SuffixDecodingProposer

Speculative decoding proposer for Suffix Decoding (https://arxiv.org/pdf/2411.04975). This class imports and uses the official implementation from Arctic Inference (https://github.com/snowflakedb/ArcticInference).

Source code in vllm/v1/spec_decode/suffix_decoding.py
class SuffixDecodingProposer:
    """
    Speculative decoding proposer for Suffix Decoding (https://arxiv.org/pdf/2411.04975).
    This class imports and uses the official implementation from Arctic Inference
    (https://github.com/snowflakedb/ArcticInference).
    """

    def __init__(self, vllm_config: VllmConfig):
        config = vllm_config.speculative_config
        self.num_speculative_tokens = config.num_speculative_tokens
        self.max_tree_depth = config.suffix_decoding_max_tree_depth
        self.max_spec_factor = config.suffix_decoding_max_spec_factor
        self.min_token_prob = config.suffix_decoding_min_token_prob
        self.max_model_len = vllm_config.model_config.max_model_len

        # Lazy import to avoid error when Suffix Decoding is not used.
        from arctic_inference.suffix_decoding import SuffixDecodingCache

        # Initialize and empty cache. This object will take care of caching request
        # outputs, evicting old requests, and manages the per-prompt suffix trees.
        self.suffix_cache = SuffixDecodingCache(
            max_tree_depth=config.suffix_decoding_max_tree_depth,
            max_cached_requests=config.suffix_decoding_max_cached_requests,
        )

    def propose(
        self,
        input_batch: InputBatch,
        sampled_token_ids: list[list[int]],
    ) -> list[list[int]]:
        """
        Propose speculative tokens for each request in the input batch. Suffix Decoding
        will speculate a dynamic number of tokens for each request every decoding step,
        so each entry in the returned list may have different lengths.
        """
        draft_token_ids: list[list[int]] = []
        for i, sampled_ids in enumerate(sampled_token_ids):
            if not sampled_ids:
                # Skip speculative decoding for partial prefills.
                draft_token_ids.append([])
                continue

            # Skip requests that require sampling parameters that are not
            # supported with speculative decoding.
            req_id = input_batch.req_ids[i]
            if req_id in input_batch.spec_decode_unsupported_reqs:
                draft_token_ids.append([])
                continue

            num_tokens = input_batch.num_tokens_no_spec[i]
            if num_tokens >= self.max_model_len:
                # Skip requests that have already reached the max model length.
                draft_token_ids.append([])
                continue

            index = input_batch.req_id_to_index[req_id]
            if req_id not in self.suffix_cache.active_requests:
                if req_id in self.suffix_cache.cached_requests:
                    # Reset the suffix cache for this request.
                    self.suffix_cache.evict_cached_response(req_id)
                num_prompt_tokens = input_batch.num_prompt_tokens[index]
                prompt_token_ids = input_batch.token_ids_cpu[index, :num_prompt_tokens]
                # Start a new request, this will build the suffix tree for that prompt.
                self.suffix_cache.start_request(req_id, prompt_token_ids)

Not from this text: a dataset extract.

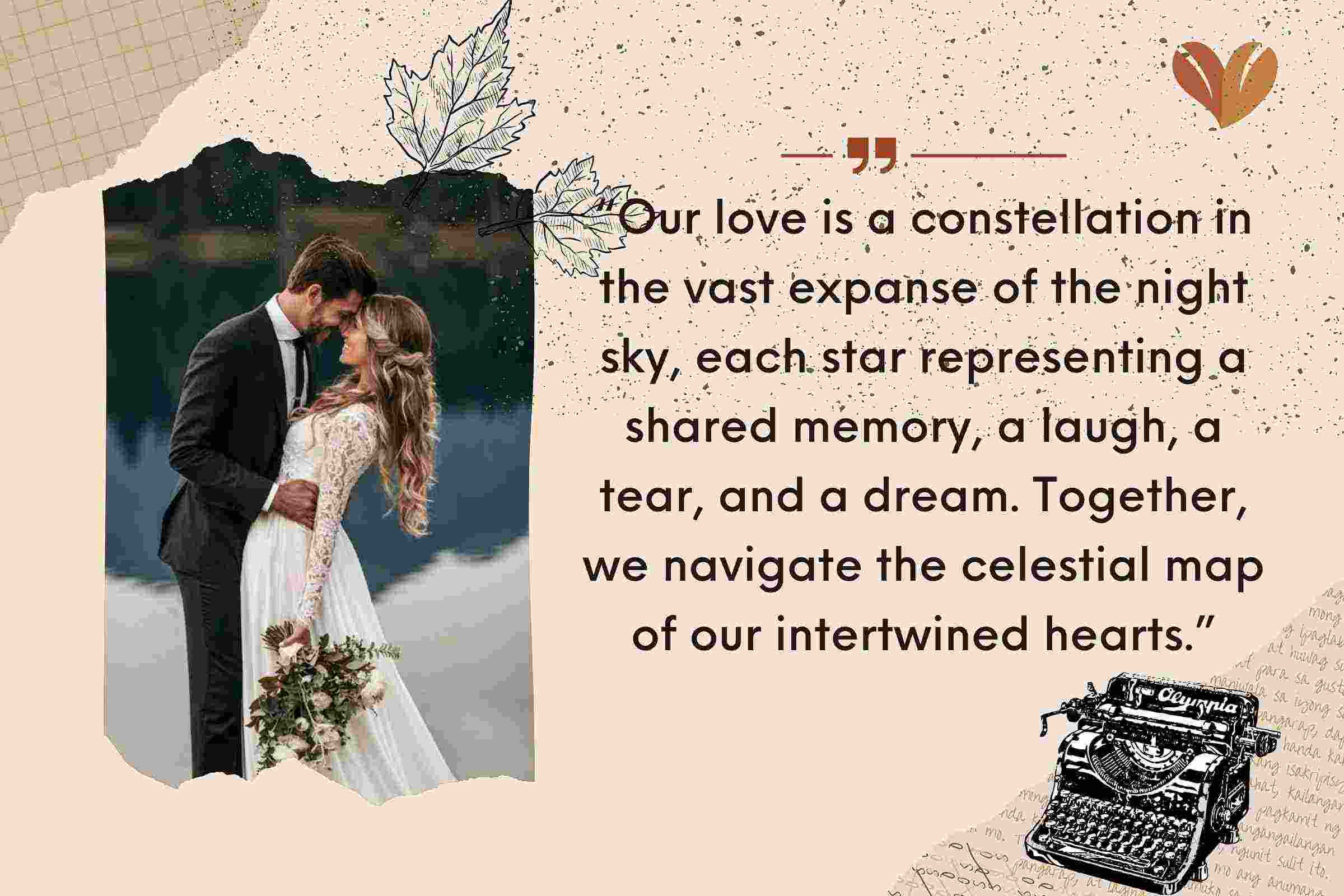 “Our love is a constellation in the vast expanse of the night sky, each star representing a shared memory, a laugh, a tear, and a dream. Together, we navigate the celestial map of our intertwined hearts.”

            # Append the newly sampled ids to the suffix cache for this request.
            self.suffix_cache.add_active_response(req_id, sampled_ids)

            # Suffix decoding only uses the most recent tokens up to max_tree_depth, so
            # we extract the pattern from the end of the input.
            start = max(0, num_tokens - self.max_tree_depth)
            pattern = input_batch.token_ids_cpu[i, start:num_tokens]
            draft = self.suffix_cache.speculate(
                req_id,
                pattern,
                max_spec_tokens=min(
                    self.num_speculative_tokens, self.max_model_len - num_tokens - 1
                ),
                max_spec_factor=self.max_spec_factor,
                min_token_prob=self.min_token_prob,
            )

            draft_token_ids.append(draft.token_ids)

        # Stop requests that were not seen in the input batch.
        for req_id in (
            self.suffix_cache.active_requests - input_batch.req_id_to_index.keys()
        ):
            self.suffix_cache.stop_request(req_id)

        return draft_token_ids

    def load_model(self, *args, **kwargs):
        # No model to load.
        pass

max_model_len instance-attribute

max_model_len = max_model_len

max_spec_factor instance-attribute

max_spec_factor = suffix_decoding_max_spec_factor

max_tree_depth instance-attribute

max_tree_depth = suffix_decoding_max_tree_depth

min_token_prob instance-attribute

min_token_prob = suffix_decoding_min_token_prob

num_speculative_tokens instance-attribute

num_speculative_tokens = num_speculative_tokens

suffix_cache instance-attribute

suffix_cache = SuffixDecodingCache(
    max_tree_depth=suffix_decoding_max_tree_depth,
    max_cached_requests=suffix_decoding_max_cached_requests,
)

__init__

__init__(vllm_config: VllmConfig)
Source code in vllm/v1/spec_decode/suffix_decoding.py
def __init__(self, vllm_config: VllmConfig):
    config = vllm_config.speculative_config
    self.num_speculative_tokens = config.num_speculative_tokens
    self.max_tree_depth = config.suffix_decoding_max_tree_depth
    self.max_spec_factor = config.suffix_decoding_max_spec_factor
    self.min_token_prob = config.suffix_decoding_min_token_prob
    self.max_model_len = vllm_config.model_config.max_model_len

    # Lazy import to avoid error when Suffix Decoding is not used.
    from arctic_inference.suffix_decoding import SuffixDecodingCache

    # Initialize and empty cache. This object will take care of caching request
    # outputs, evicting old requests, and manages the per-prompt suffix trees.
    self.suffix_cache = SuffixDecodingCache(
        max_tree_depth=config.suffix_decoding_max_tree_depth,
        max_cached_requests=config.suffix_decoding_max_cached_requests,
    )

load_model

load_model(*args, **kwargs)
Source code in vllm/v1/spec_decode/suffix_decoding.py
def load_model(self, *args, **kwargs):
    # No model to load.
    pass

propose

propose(
    input_batch: InputBatch,
    sampled_token_ids: list[list[int]],
) -> list[list[int]]

Propose speculative tokens for each request in the input batch. Suffix Decoding will speculate a dynamic number of tokens for each request every decoding step, so each entry in the returned list may have different lengths.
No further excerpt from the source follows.